Hasta hace poco, los dibujantes trazaban laboriosamente los meandros
y callejones sin salida con ayuda de reglas y cartabones. Ahora
hay programas de computadora muy sencillos que generan interminables
laberintos. Hay una correspondencia fundamental entre el modo
de funcionamiento de las computadoras y la esencia de los laberintos
triviales.
Cuando se recorre con la punta del lápiz los caminos de
un laberinto basado en una cuadrícula, aparece cada tanto
un bivium (dos vías, o bifurcación), o un trivium
(tres vías, o encrucijada), que plantea la necesidad de
optar. Por supuesto, los laberintos no necesariamente se basan
en una cuadrícula, de modo que las encrucijadas pueden
formarse con muchos -en teoría infinitos- caminos que
se cruzan o se encuentran en un punto, pero la elección
del caminante (o del grafiante, en el laberinto de revista) se
hace necesaria ya cuando aparece sólo una bifurcación;
por eso, basta la idea de bivium para definir la esencia del
labertinto.
Y justamente el bivium
es la forma de accionar de las computadoras: sí o no,
cero o uno, nada o todo, tal es la esencia del universo informático.

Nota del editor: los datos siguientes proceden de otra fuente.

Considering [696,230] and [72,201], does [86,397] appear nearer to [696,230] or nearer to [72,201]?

Metido en el laberinto, cualquiera puede darse cuenta que una
simple elección en determinado momento conduce a un mundo
cualitativamente diferente: un camino lleva a la meta, el otro
a la perdición.
Lo que resulta interesante es que existen laberintos que no tienen
encrucijadas. Estos laberintos no son triviales porque no tienen
trivia ni bivia, pero además porque resulta más
difícil comprender su sentido: ¿por qué
retorcer el camino, si de todas maneras no hay posibilidad de
equivocarse? Pues penetrar en un laberinto sin bivia puede ser
cansador, hasta puede desesperar por lo dilatado de la marcha,
pero no deja de ser una garantía de camino seguro, en
el que no se pide la atención ni el juicio del que avanza,
sino sólo la confianza en que el camino conduce a alguna
parte.
La pregunta es por qué casi todos los laberintos del mundo,
grabados en monedas cretenses, construídos en mosaicos
romanos, podados en setos celtas, dibujados en pavimentos de
catedrales francesas, tallados en muros de pagodas de la India,
bordados en túnicas de emperadores de Roma, impresos en
rollos mayas, trazados en pergaminos medievales suizos, son de
una sola vía. Su falta de trivialidad los convierte en
artefactos misteriosos, sobre los que cabe la pregunta esencial
acerca de su sentido, ya no de los modos de salir o penetrar
en ellos.
Sólo cuando el aburrimiento se convirtió en un fenómeno
masivo, cuando escapó de los palacios de la aristocracia,
aparecieron los laberintos de revista, caricaturas de las metáforas
vitales propuestas por Virgilio, Ovidio, Dante o Chaucer. La esencia
de la vida fundada en las elecciones trascendentes que a cada
paso debe hacer el ser humano se convirtió en un modo banal
de matar el tiempo.
La trivialidad de los laberintos de revista, el abandono de la
representación sin trivia de los laberintos, debería
mirarse con más atención. La certeza de una meta, la confianza en un camino,
han dejado de ser ideas representables.